§ Directions for this task: Would you return exactly the lines below from the line with "Clear Toiletry 2" through the line with "A selection of", both included, and nothing else, leaving out the pictures?

§ Provided records:
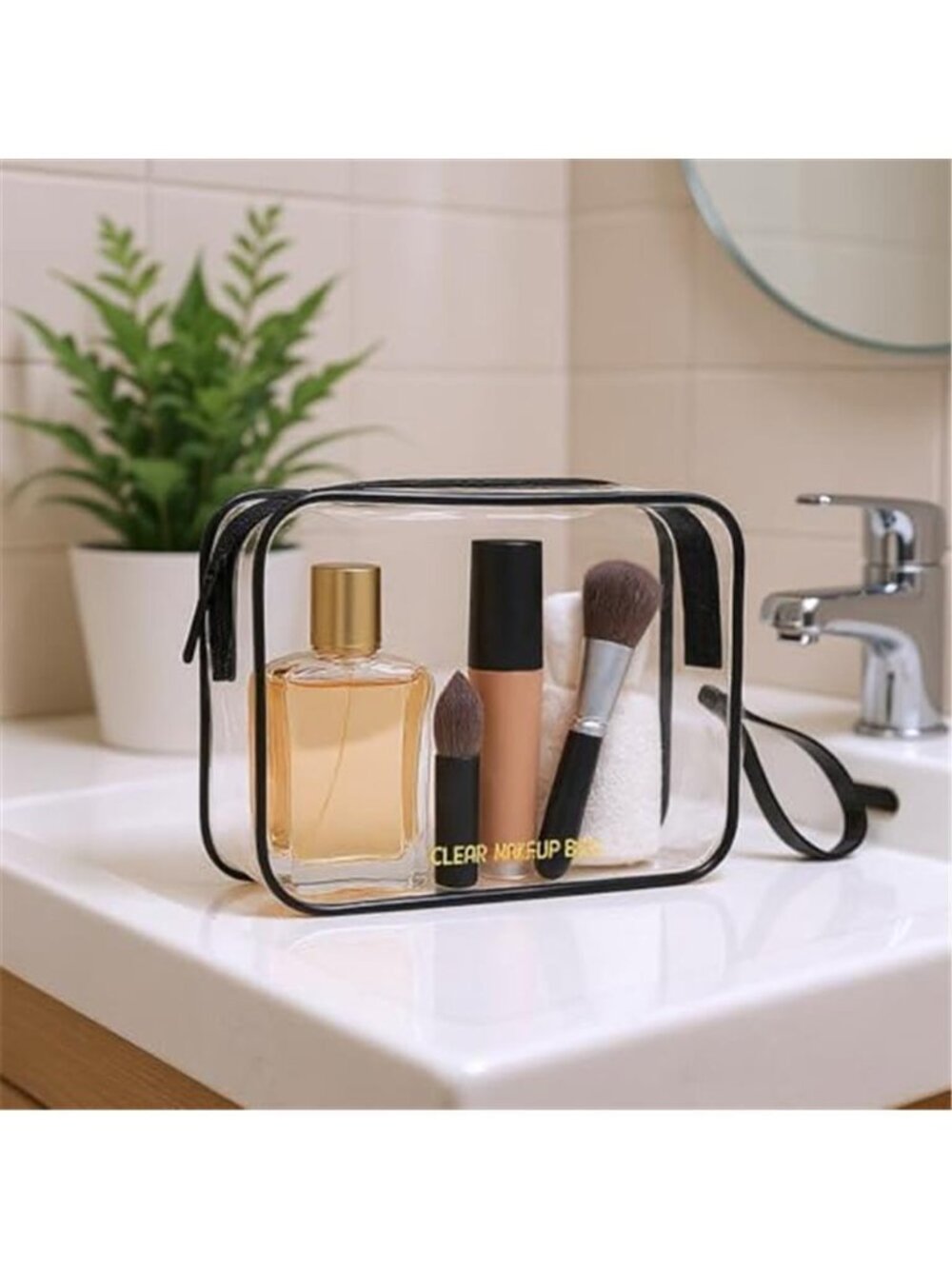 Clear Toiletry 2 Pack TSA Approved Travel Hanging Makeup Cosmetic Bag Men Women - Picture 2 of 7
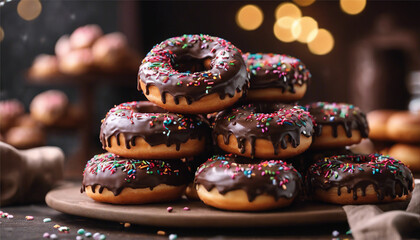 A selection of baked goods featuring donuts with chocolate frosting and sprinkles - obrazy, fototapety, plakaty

---

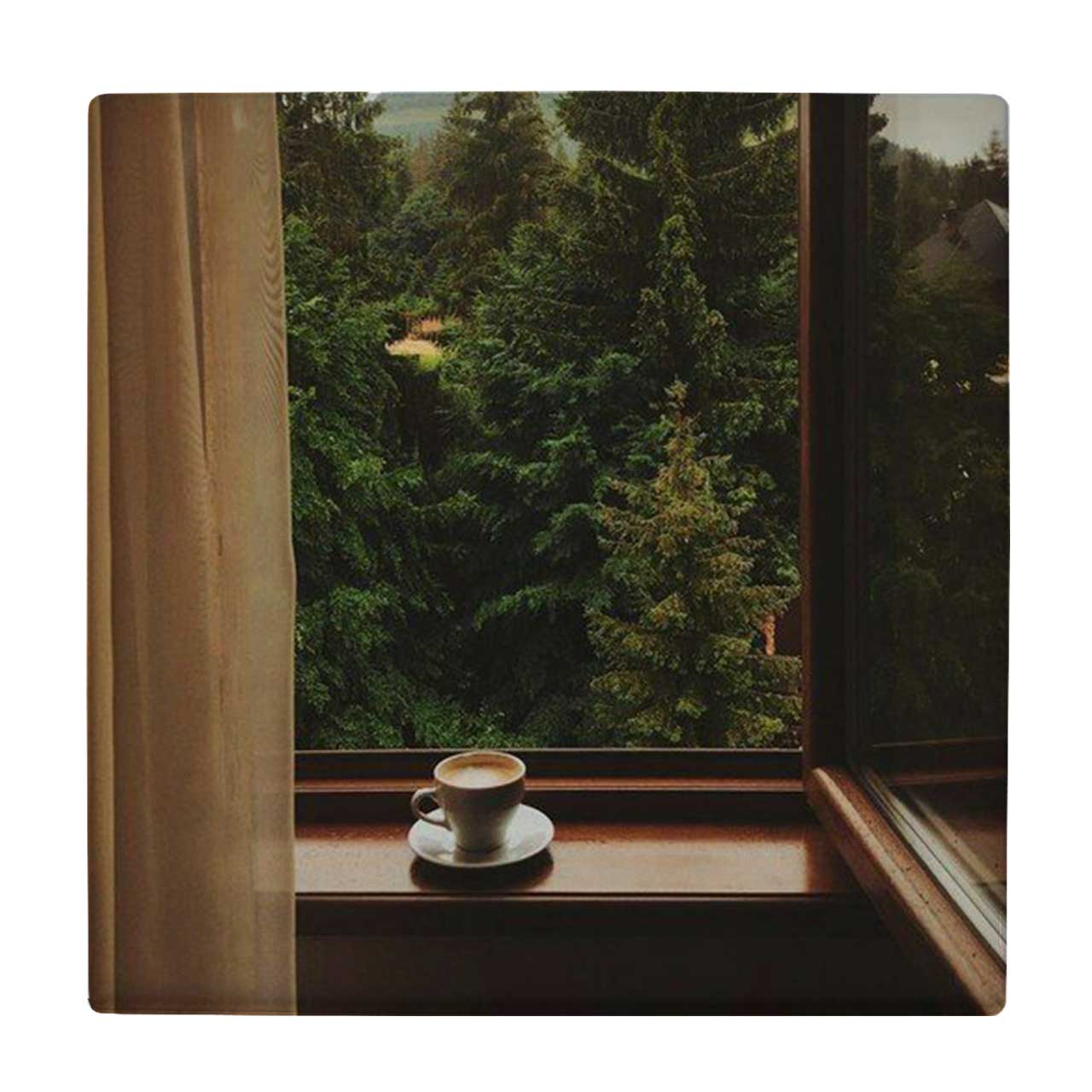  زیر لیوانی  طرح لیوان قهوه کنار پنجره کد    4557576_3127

* * *

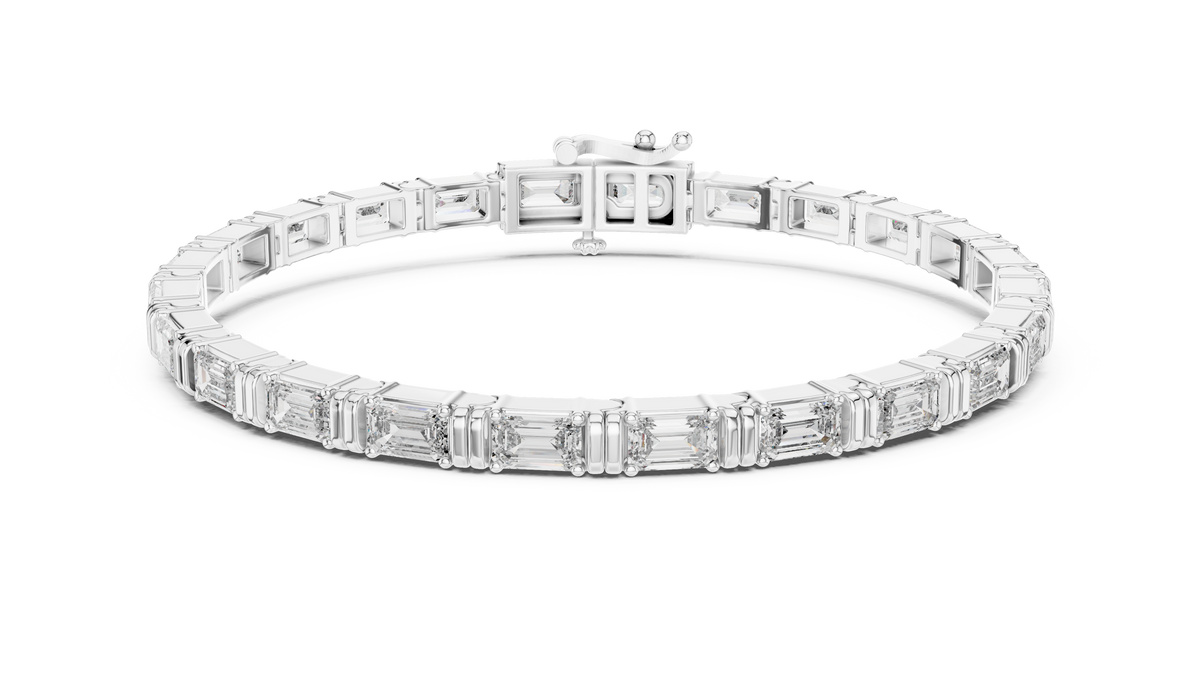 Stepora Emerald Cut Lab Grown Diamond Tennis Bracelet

§ Exercise result:
 Clear Toiletry 2 Pack TSA Approved Travel Hanging Makeup Cosmetic Bag Men Women - Picture 2 of 7
 A selection of baked goods featuring donuts with chocolate frosting and sprinkles - obrazy, fototapety, plakaty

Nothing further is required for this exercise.